##### Data provided #####

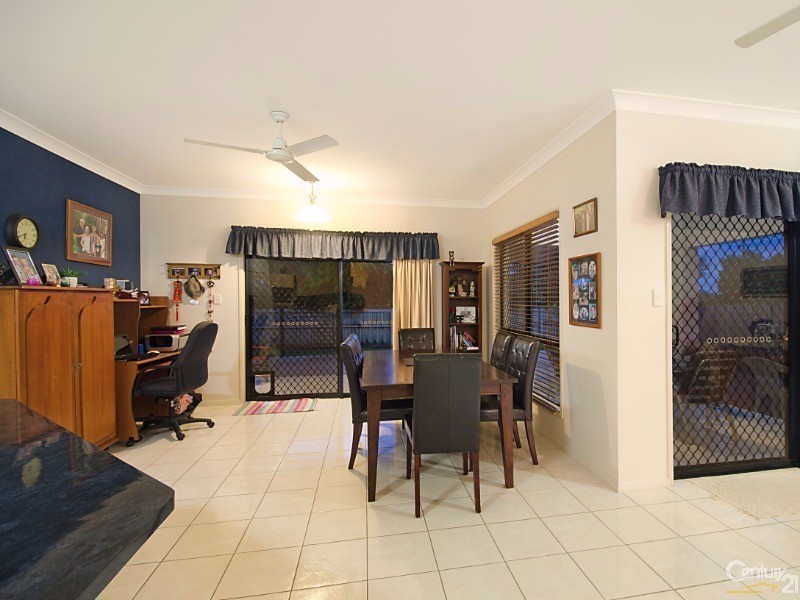 9 SANTIAGO COURT, Mount Louisa QLD 4814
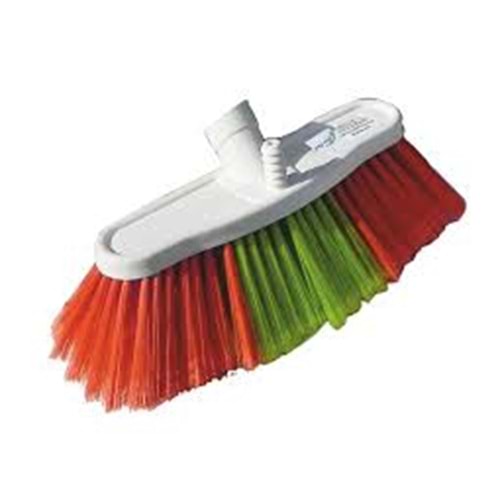 ZİRVE PLAST. OTO YIKAMA FIRÇASI ECO 17 CM BATTAL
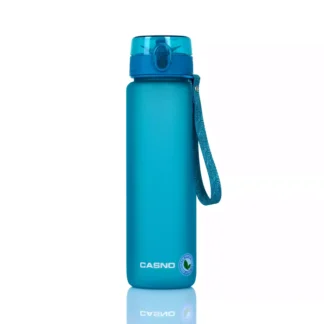 Butelka Tritanowa Casno Missouri 1050 ml Niebieska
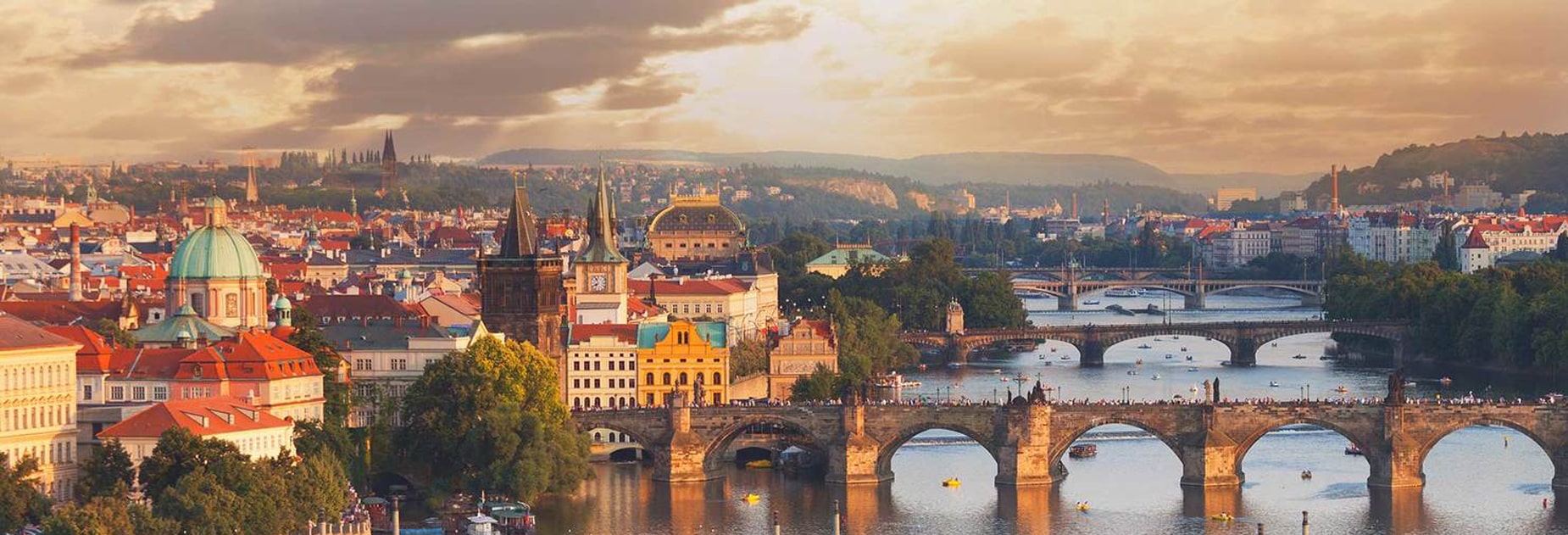 business-class-flights-Prague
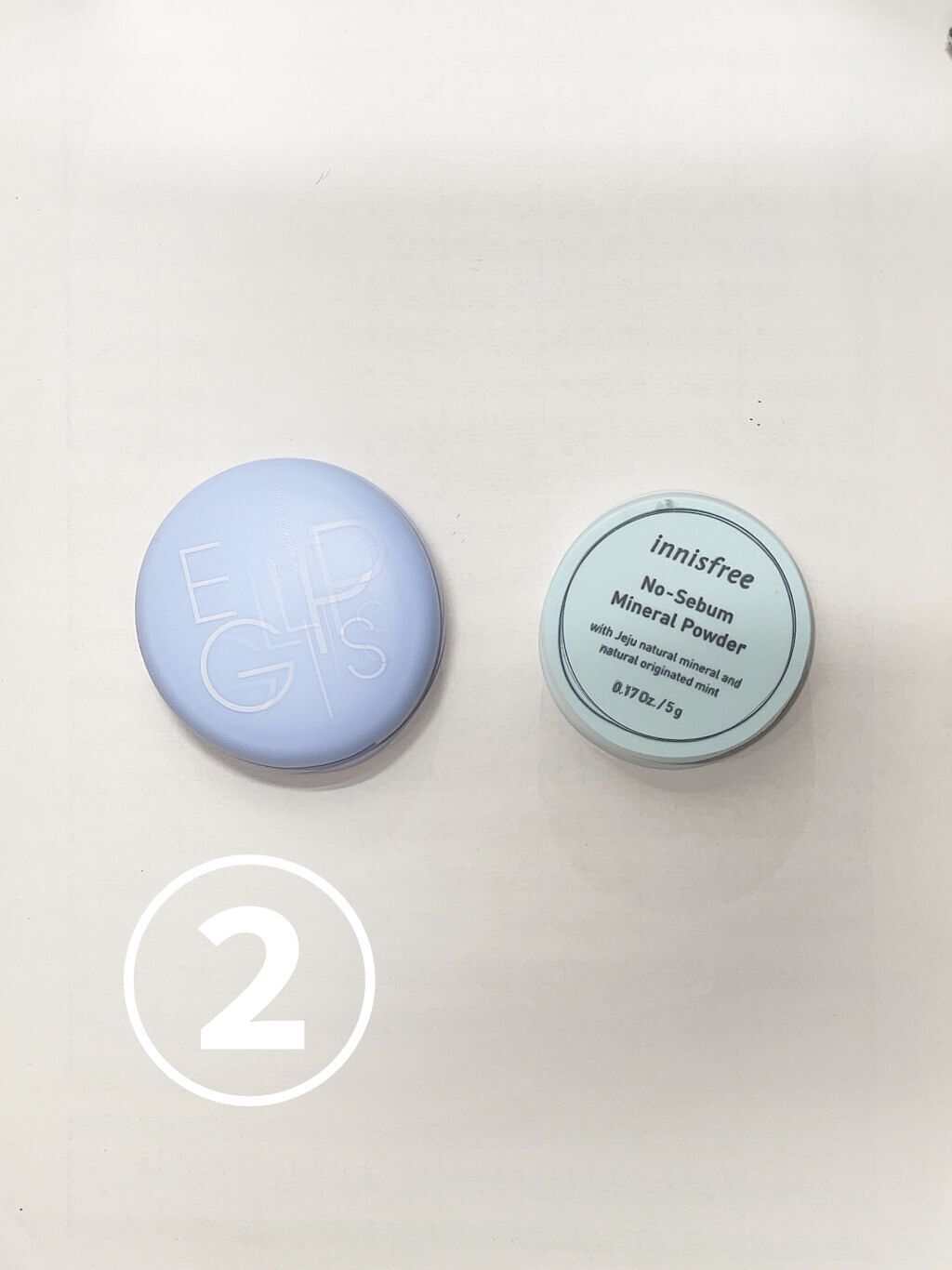 クリア マスカラR/CEZANNE/マスカラ下地を使ったクチコミ（2枚目）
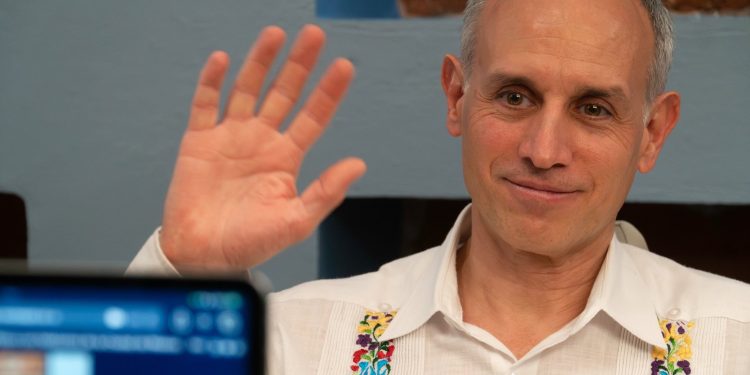 El ex subprocurador general de la República y abogado Javier Coello dijo que existen ocho denuncias penales en contra del aspirante de Morena a la Jefatura de Gobierno de la CDMX, Hugo López Gatell, acusado de “homicidio por omisión”, por su mal manejo de la pandemia por Covid 19. FOTO: X / Gatell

#####

Copy the lines exactly. Start at the line with "クリア マスカラR/CEZANNE/マスカラ下地を使ったクチコミ（2枚目）", end at the last line above, include both, and omit all pictures.

 クリア マスカラR/CEZANNE/マスカラ下地を使ったクチコミ（2枚目）
 El ex subprocurador general de la República y abogado Javier Coello dijo que existen ocho denuncias penales en contra del aspirante de Morena a la Jefatura de Gobierno de la CDMX, Hugo López Gatell, acusado de “homicidio por omisión”, por su mal manejo de la pandemia por Covid 19. FOTO: X / Gatell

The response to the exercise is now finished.